Il n’y a pas eu le début d’un commencement, non pas d’une rupture, mais d’une renégociation du traité budgétaire Merkel‑Sarkozy qui impose l’austérité à l’Europe, austérité qui détruit la dépense publique au service de l’intérêt général pour protéger les intérêts capitalistes, ceux des actionnaires.

Le résultat de ce renoncement de l’automne 2012 ne s’est pas fait attendre : pacte de compétitivité et crédit d’impôt pour la compétitivité et l’emploi (CICE), premiers reculs sociaux avec l’ANI (accord national interprofessionnel), la loi Macron avec son florilège de mesures libérales et, pour finir, cette ultime réponse aux exigences de Bruxelles, sous peine à terme de sanctions, la « loi travail ».

Votre loi, c’est une réponse à la Commission européenne qui demandait aux États, depuis des années, de décentraliser le dialogue social au niveau des entreprises pour flexibiliser le travail et, notamment, le travail en France.

En effet, dès février 2015, la Commission européenne regrettait explicitement que « le principe de faveur continue de s’appliquer pour tout ce qui concerne les salaires minima ».

L’abrogation de cette loi est donc nécessaire pour construire un code du travail du XXIe siècle et construire de nouveaux rapports sociaux entre le patronat et les salariés.

Le Code du travail du XXIe siècle doit élargir le droit du travail aux enjeux d’aujourd’hui, la précarisation du salariat, l’uberisation de l’économie, l’automatisation du travail.

L’évolution du droit du travail doit faire entrer la citoyenneté dans l’entreprise : moins de subordination des salariés, plus d’autonomie, et sécuriser leur vie professionnelle.

Cela nécessite d’inscrire le droit à l’emploi dans une vision nouvelle du travail impliquant la reconnaissance du droit à l’évolution, à la progression professionnelle et à une mobilité professionnelle positive.

C’est pourquoi, nous portons le projet d’une sécurisation de l’emploi et de la formation permettant d’alterner période d’emploi et période de formation choisie, sans perte de salaire et sans chômage.

Les 32 heures pour partager le travail sans perte de salaire, l’encadrement strict des heures supplémentaires et le rétablissement de la suprématie de la loi sont des piliers de ce projet comme les nouveaux droits des salariés en matière de contrôle des aides publiques ou licenciements collectifs infondés.

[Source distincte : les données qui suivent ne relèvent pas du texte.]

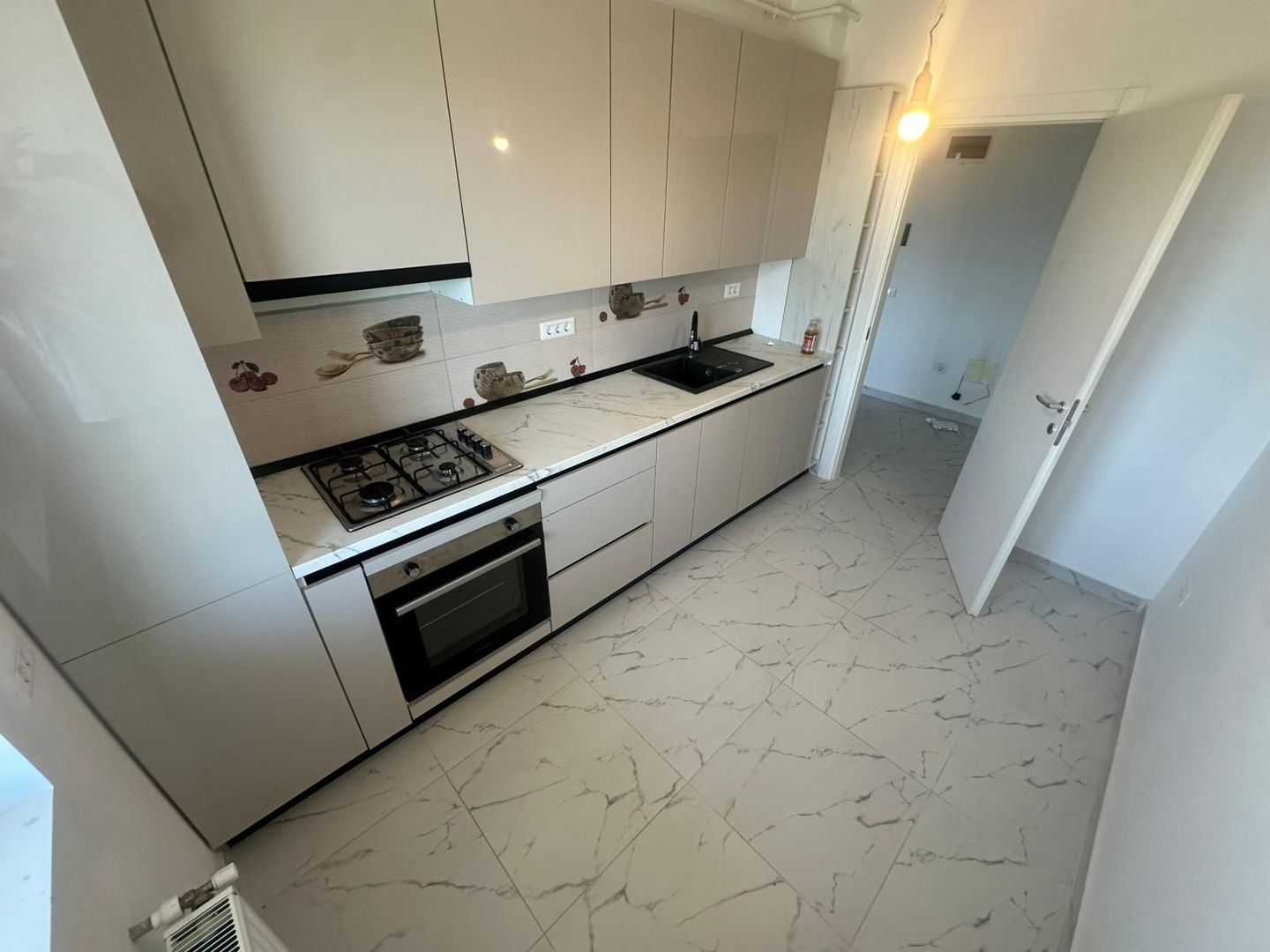 AP. 2 CAMERE- BUCATARIE INCHISA, BLOC NOU, CENTRALA PROPRIE - Poză 1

Nous défendons l’interdiction des licenciements boursiers.

Comment accepter par exemple la suppression de 175 postes à La Voix du Nord alors que l’entreprise est bénéficiaire. Cette entreprise est l’une des premières à utiliser une disposition de votre loi, Madame la Ministre, pour licencier.

Pour un tel projet, il faut de l’argent. Croyez-moi, Madame la Ministre, notre pays est riche. Il suffit de constater l’indécent progrès des dividendes du CAC 40. Une nouvelle répartition des richesses fonde en effet nos propositions de rupture avec les choix libéraux.

Ces combats pour l’abrogation de la loi pour de nouveaux droits, la lutte quotidienne contre les licenciements sont difficiles. Je tiens aujourd’hui à apporter notre soutien aux salariés de Goodyear qui ont été poursuivis pour leur action revendicatrice. Si un d’entre eux a été relaxé par la cour d’appel d’Amiens, les autres sont condamnés à des peines avec sursis ou une mise à l’épreuve. Nous les avons soutenus, nous les soutenons et nous les soutiendrons.

Notre proposition de loi d’abrogation de la Loi travail est un appel à refuser la résignation, à poursuivre la lutte pour placer au cœur des élections présidentielles et législatives le rassemblement pour une société plaçant l’humain au cœur de son destin, l’humain d’abord face à la violence du marché et à la violence libérale.

Le droit du travail, le droit des salariés à vivre dignement, sereinement est au cœur de ce projet. Défaire la loi travail est donc un passage obligé dans cette bataille. C’est pourquoi nous vous proposons d’adopter cette proposition.